I smooth Zoe’s hair back with my hands, and I listen.
“I wish I didn’t have to have someone ‘supervising’ me all the time at school. ‘Remember to check your blood,’ ‘Remember to eat a snack,’ ‘Remember!’ I don’t want to have a snack. And I don’t want to have a ‘notebook.’ I don’t want to be late for class. I don’t want to go see the nurse. I don’t want to KNOW about any of this. I don’t want it! I wish you could get well from diabetes like you get well from a cold. I wish, even just for a while, I could NOT be diabetic. Mom?”
She pulls away from me and studies my face, and I rub the red splotches on her cheeks with my thumbs, content just to hear. I press my lips together in a thin, acknowledging smile. “I know. I’m sorry. I don’t know what it’s like, but I know it’s hard.” The truth is that I want to fix it. I want to take the burden away from her and carry it myself. But I can’t. The best I can do to love her well is to teach her how to walk through, to have eyes that see, to have ears that hear.
It’s as though those words—I know it’s hard—untie the last of the threads she has carefully knotted through her small arms and around her soul, and the last of these muddy rags fall away in a heap at my feet. I wonder how long she has been binding herself with these sighs, these weights laying flat against the Light, these grave clothes stuffed into her hands by an unseen enemy. My daughter has a tendency to do this over time, to let painful thoughts layer and build until they begin to smother her.

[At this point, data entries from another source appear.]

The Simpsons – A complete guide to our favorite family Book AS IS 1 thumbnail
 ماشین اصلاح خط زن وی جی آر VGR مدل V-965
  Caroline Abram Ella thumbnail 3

But I say those words—I know it’s hard—and she crumbles, relieved. She buries her head one more time in my chest and lets the shadows dissolve.

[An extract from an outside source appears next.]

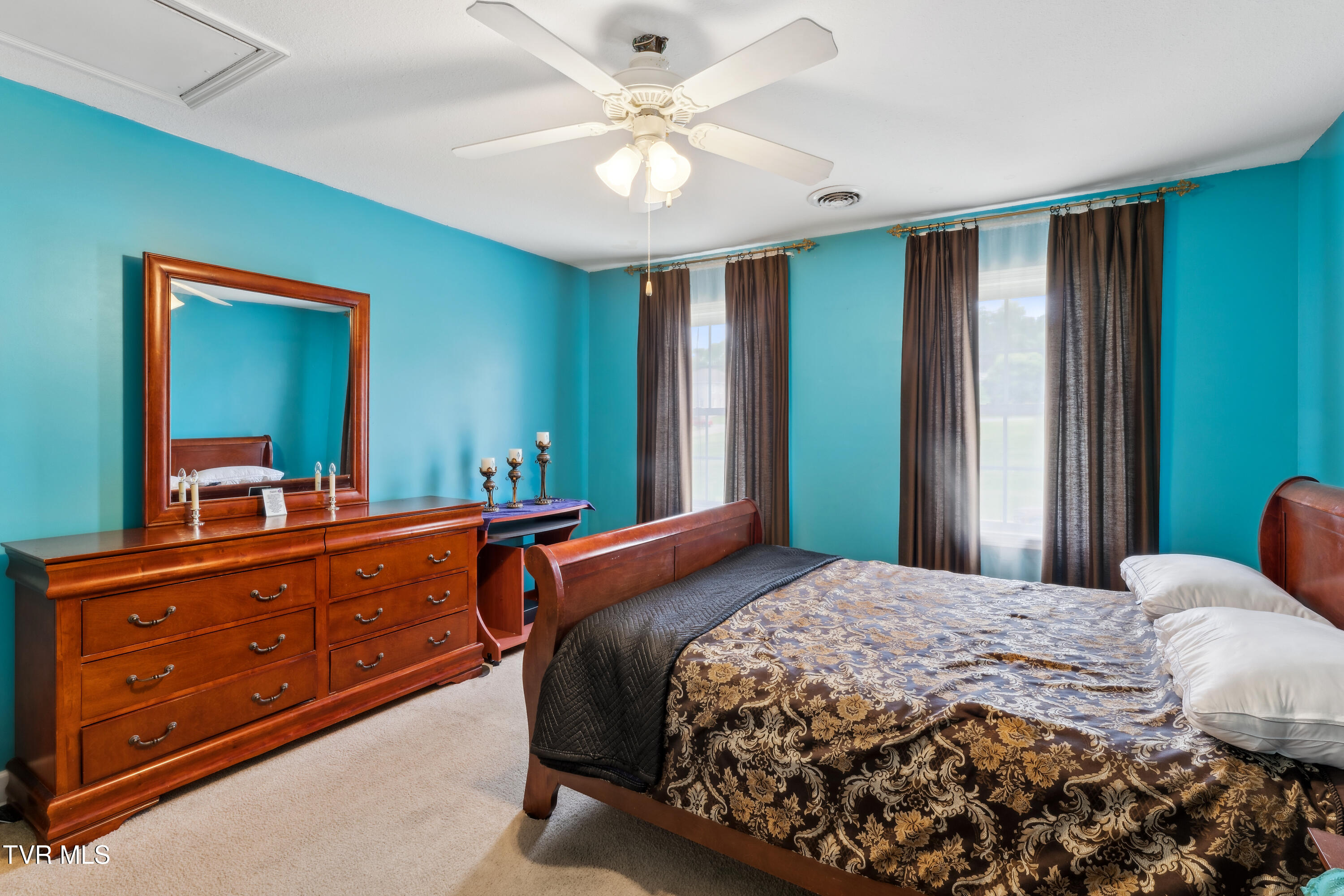 1402 Lake Ridge Square, Johnson City, Tennessee image 39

When she settles down, I look into her eyes and tell her the beauty I see. I tell her the story of a stunning, radiant girl born of Light who really lives, of a girl who cares when other people feel embarrassed and afraid and uncomfortably different, because she knows how hard it is to feel that way. “The things He doesn’t take away from us, He changes. He makes them new and uses them in ways we could never even imagine,” I whisper, right into the crown of her head, veiling her sacred with scripture, like a Bride. And we know that in all things, God works for the good of those who love him, who have been called according to his purpose (Romans 8:28). We have to lay these things at His feet and ask Him to teach us to see. We can’t wear shadows over the robe He’s given or let this journey cake us in mud. That would only cheapen what His sacrifice has achieved. Ours are blood-bought, royal robes. We live redeemed, not defeated.” I say this into her soft hair, into the sweet, clean smell of mint, but the conviction is as much for me at the end of this heavy, shadowed day, as it is for her. And when she looks at me with those deep eyes, blue like the stormy sea, I offer her a mirror in which to see the light and fire and life of her, the Truth that burns clean through the cracks in us, obliterating all the things meant by the enemy to be our shroud. “What God has given can never be taken away. So be who you are, Zoe. Be His.”